Rio - O moleque nascido e criado no bairro de Água Santa, subúrbio carioca, nunca esqueceu do dia em que viu de boca aberta a exibição de gala de craques como Vavá, Bellini, Sabará e Coronel, no velho Maracanã. Naquele tarde distante dos anos 1960, o coração de Paulinho disparou e passou a bater mais forte pela Cruz de Malta.
E lá se vão mais de meio século de amor incondicional ao Vasco da Gama, em que Paulinho virou Alfinete — o lateral esquerdo que brilhou nos anos 1970 e que há três décadas virou funcionário de São Januário. Mas os últimos anos têm sido de cortar o coração. A ameaça de um segundo rebaixamento machuca e atormenta Alfinete, que se recusa a acreditar no pior.

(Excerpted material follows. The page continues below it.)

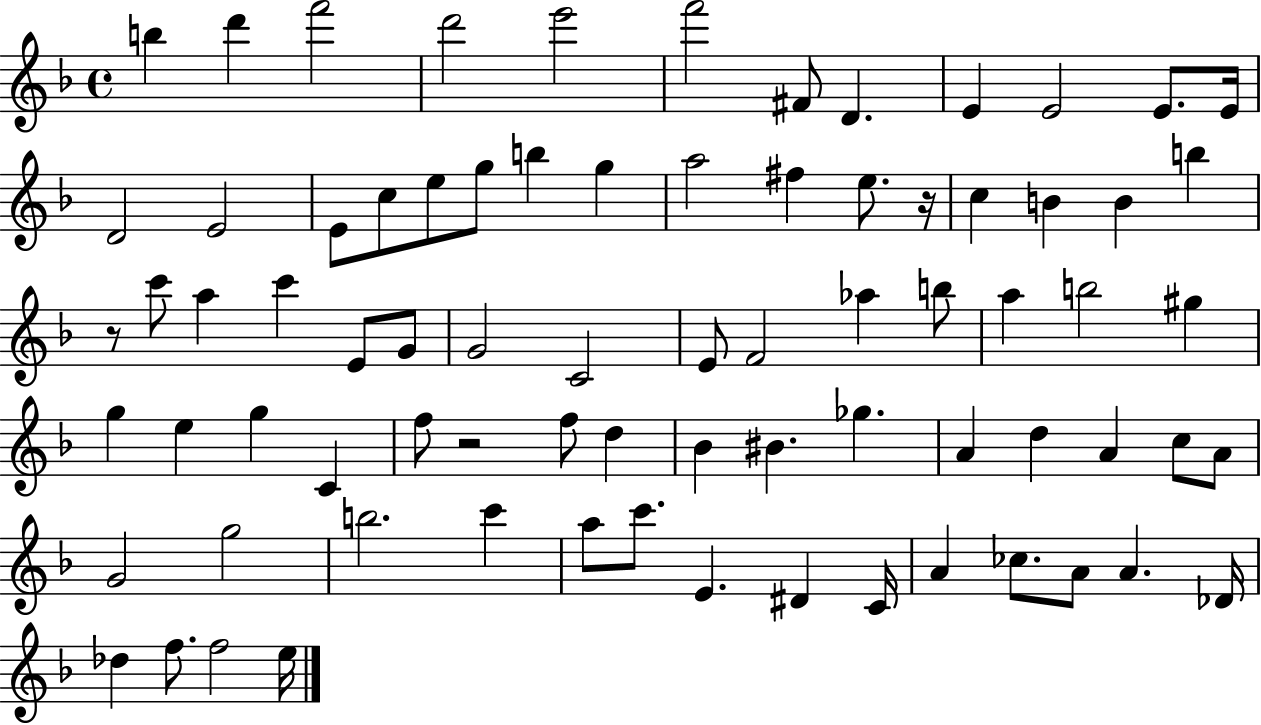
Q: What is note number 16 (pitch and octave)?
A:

“Estou sofrendo, meu coração está machucado. É uma pena, porque o nosso presidente foi um excelente jogador. Mas infelizmente o clube passa por turbulências. Fez um time às pressas e para ajustar não está fácil. Mas temos chance se vencermos os jogos que faltam”.

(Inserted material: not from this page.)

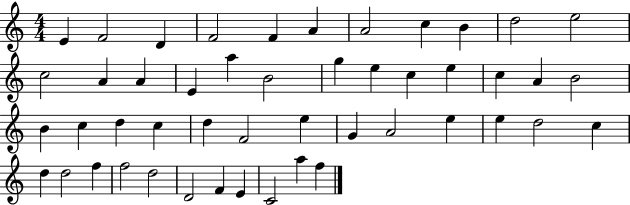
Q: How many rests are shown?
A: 0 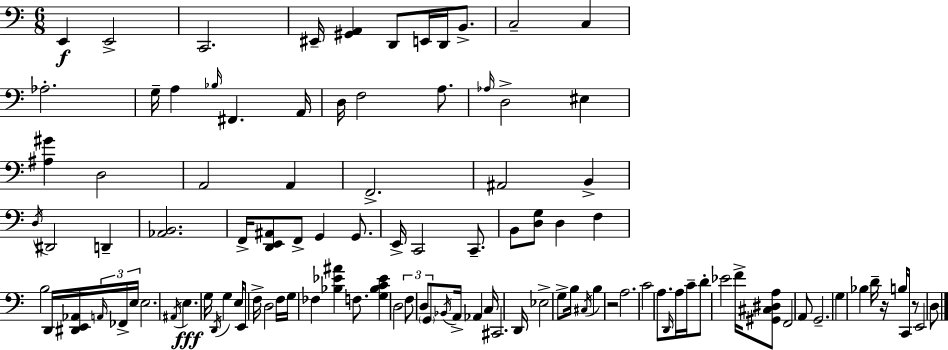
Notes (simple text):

Do alto de seus 64 anos, o ex-lateral acredita que só existe uma saída para o Vasco fazer valer a fama de time da virada.“Acho que o problema não é treinador. Os jogadores precisam conversar mais, ficar mais juntos. Teve uma época, em que passamos por um momento difícil no Brasileiro e pedimos ao nosso treinador (Mário Travaglini) para ficarmos concentrados a semana inteira. Não íamos em casa, só os casados. Abraçamos aquela causa, nos sacrificamos e conseguimos sair. Agora, só eles podem mudar essa situação”, decreta.
Racismo
Misto de gerente da concentração do profissional e observador técnico, Alfinete já fez um pouco de tudo nos 31 anos em que trabalha no Vasco.
“Depois que deixei de ser atleta, fui treinador e coordenador do infantil e juvenil.Hoje tomo conta dos profissionais quando eles concentram aqui. Mas quando precisa observo jogadores, vou em peneiras”, diz orgulhoso o ex-jogador,que fez o curso de treinador, mas desistiu da profissão por achar que há racismo no meio.

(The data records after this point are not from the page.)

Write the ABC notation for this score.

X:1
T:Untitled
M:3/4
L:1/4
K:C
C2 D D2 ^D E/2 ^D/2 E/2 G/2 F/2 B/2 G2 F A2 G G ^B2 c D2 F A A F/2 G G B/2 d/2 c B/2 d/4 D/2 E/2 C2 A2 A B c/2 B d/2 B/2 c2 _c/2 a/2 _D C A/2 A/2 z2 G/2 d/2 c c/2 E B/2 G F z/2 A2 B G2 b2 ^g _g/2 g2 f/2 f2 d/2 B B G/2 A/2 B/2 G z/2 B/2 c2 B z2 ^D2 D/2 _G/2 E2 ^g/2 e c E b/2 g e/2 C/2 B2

“O pessoal da cor não consegue ser treinador, normalmente trabalha na base ou é auxiliar-técnico. Quantos técnicos negros trabalham no Brasileiro? O Jaime, o Cristóvão? Não é pouco? As chances são pequenas e o meio é muito fechado, não é legal”, opina Alfinete, que desistiu da carreira. “Também tem muita pressão. Mas não sofro com isso. Nunca foi minha paixão”.
Lateral fez gol decisivo no título de 1974
A decisão do Campeonato Brasileiro de 1974 não sai até hoje da cabeça de Alfinete. No primeiro jogo, no Mineirão, ele foi protagonista. Marcou o gol do empate em 1 a 1, deixando o Vasco mais perto do título.
“O Vasco perdia por 1 a 0 mas eu consegui empatar. Fiz o gol aos 40 minutos do segundo tempo. Aquela foi uma das maiores emoções da minha vida”, relembra Alfinete, que não se esquece da jogada. “Teve um cruzamento na área, a defesa do Cruzeiro tirou de cabeça, e eu peguei de primeira vencendo o Raul. Foi um golaço”, relembra, orgulhoso.
No segundo jogo, o lateral teve muito trabalho para marcar Nelinho, mas no fim, o Vasco venceu por 2 a 1 com um gol de Jorginho Carvoeiro. “Comemoramos o título por uma semana. Foi uma alegria sem fim”, recorda-se.
Ausência da Seleção não incomodou
Quando perguntam a Alfinete porque ele nunca foi lembrado para a seleção brasileira, o ex-lateral não perde a linha e dá uma resposta bem-humorada.
“Naquela época tinha o Rogério, o Cafuringa, que corriam à beça. E ainda tinha o Hilton. Também joguei contra o Gil, o Zequinha. Tinha que bater muito (rs). Como pegava só os melhores, como ia ser convocado pra Seleção?”, argumenta, o ex-jogador que na época tinha como rivais na Seleção Marinho Chagas, Everaldo e Marco Antonio.
Em 1977, Alfinete foi vendido ao Uberaba. Ele ainda jogou no Democrata-GV, antes de encerrar a carreira aos 29 anos.